TASK DIRECTIONS →
Everything from the line containing "Puede incluir: Un" down to the last line below should be set down exactly, and only that, without the pictures.

━━━━━ SOURCE DATA

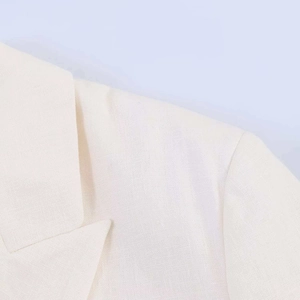 Close-up detail of notch lapel and linen-textured fabric on white summer blazer jacket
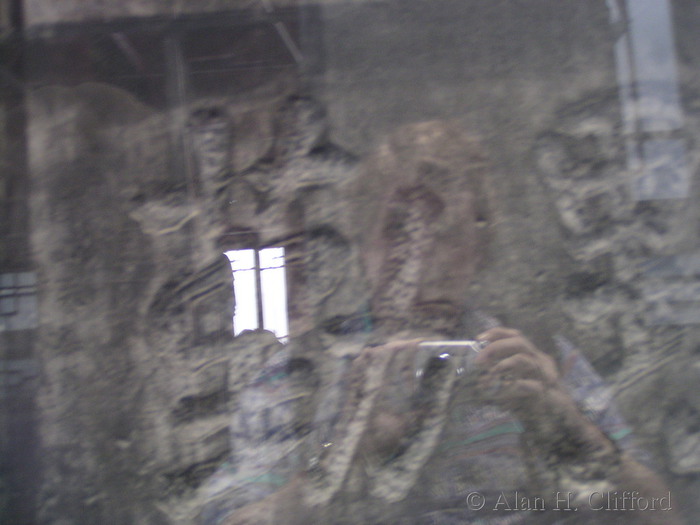 Reflection in the case protecting a stele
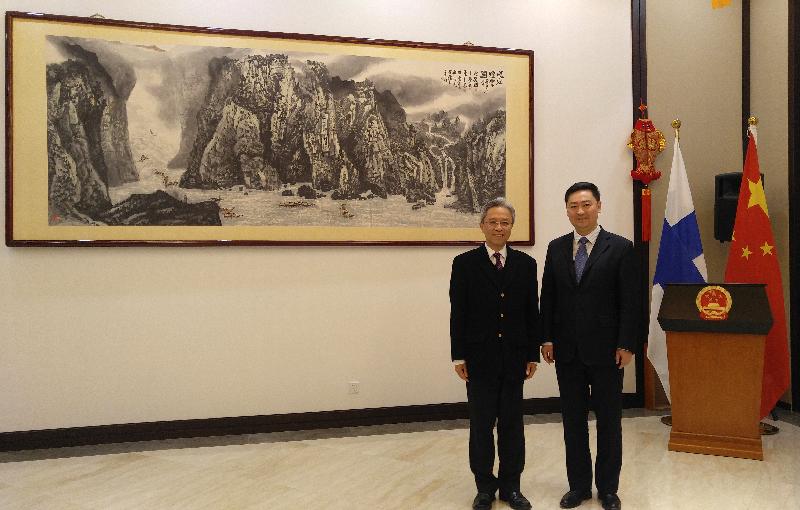 The Secretary for the Civil Service, Mr Joshua Law, started the first leg of his visit to Europe in Helsinki, Finland, on March 5 (Helsinki time) to get an update on the management and training of the civil service there. Photo shows Mr Law (left) paying a courtesy call on the Chinese Ambassador to Finland, Mr Chen Li (right).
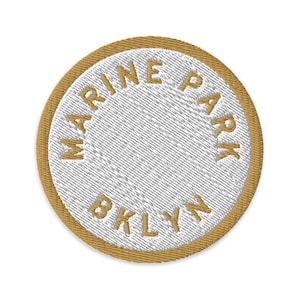 Puede incluir: Un parche bordado circular con un centro blanco y el texto dorado MARINE PARK BKLYN cosido en un patrón circular. El parche tiene un borde dorado grueso y un acabado de tela texturizada, diseñado para su aplicación en ropa o accesorios.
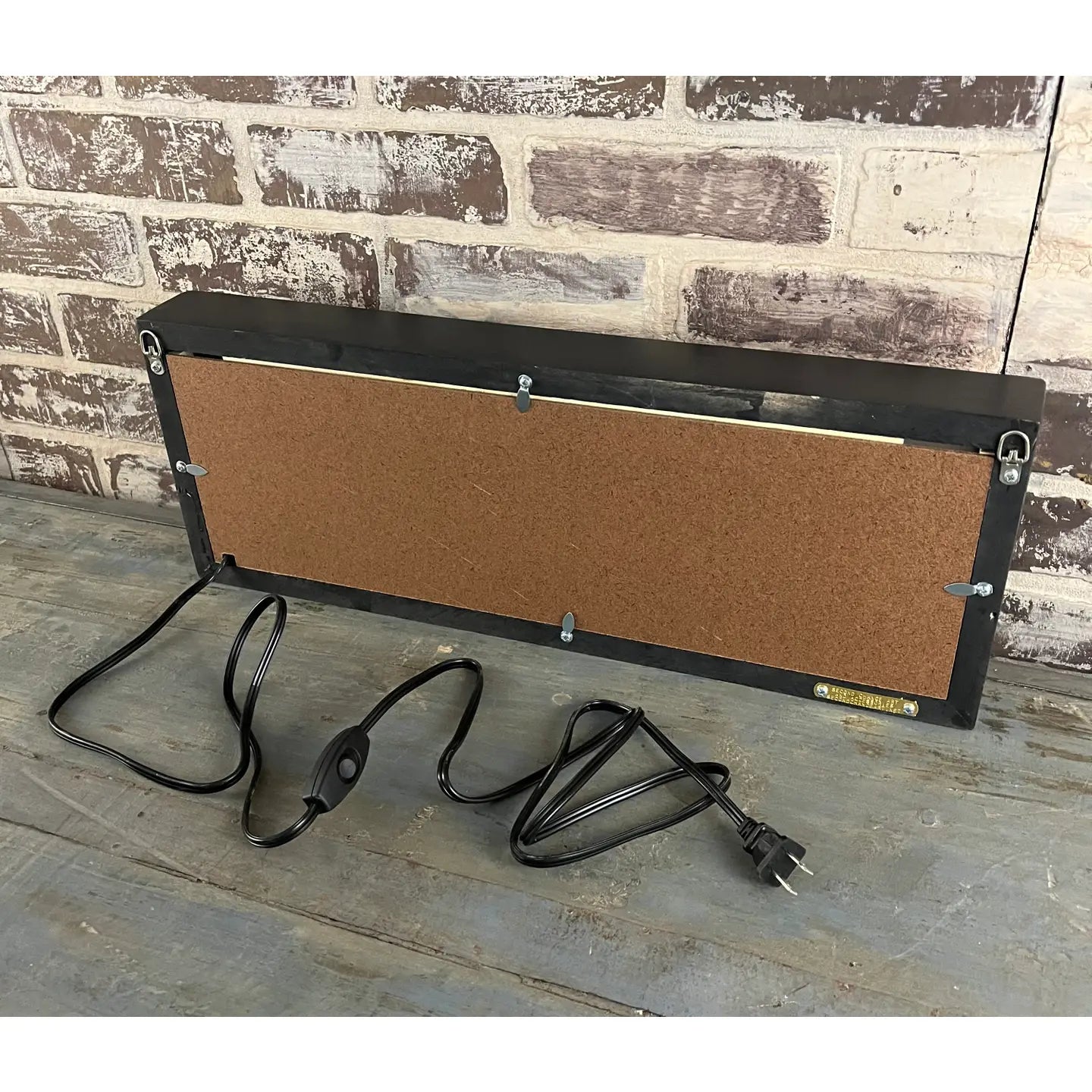 The Faire Lighted Sign features a rectangular design with corkboard back, black frame, and attached cord with switch and plug. Shown on a wooden surface against a brick wall.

━━━━━━━━━━

SOLUTION TO THIS EXERCISE →
 Puede incluir: Un parche bordado circular con un centro blanco y el texto dorado MARINE PARK BKLYN cosido en un patrón circular. El parche tiene un borde dorado grueso y un acabado de tela texturizada, diseñado para su aplicación en ropa o accesorios.
 The Faire Lighted Sign features a rectangular design with corkboard back, black frame, and attached cord with switch and plug. Shown on a wooden surface against a brick wall.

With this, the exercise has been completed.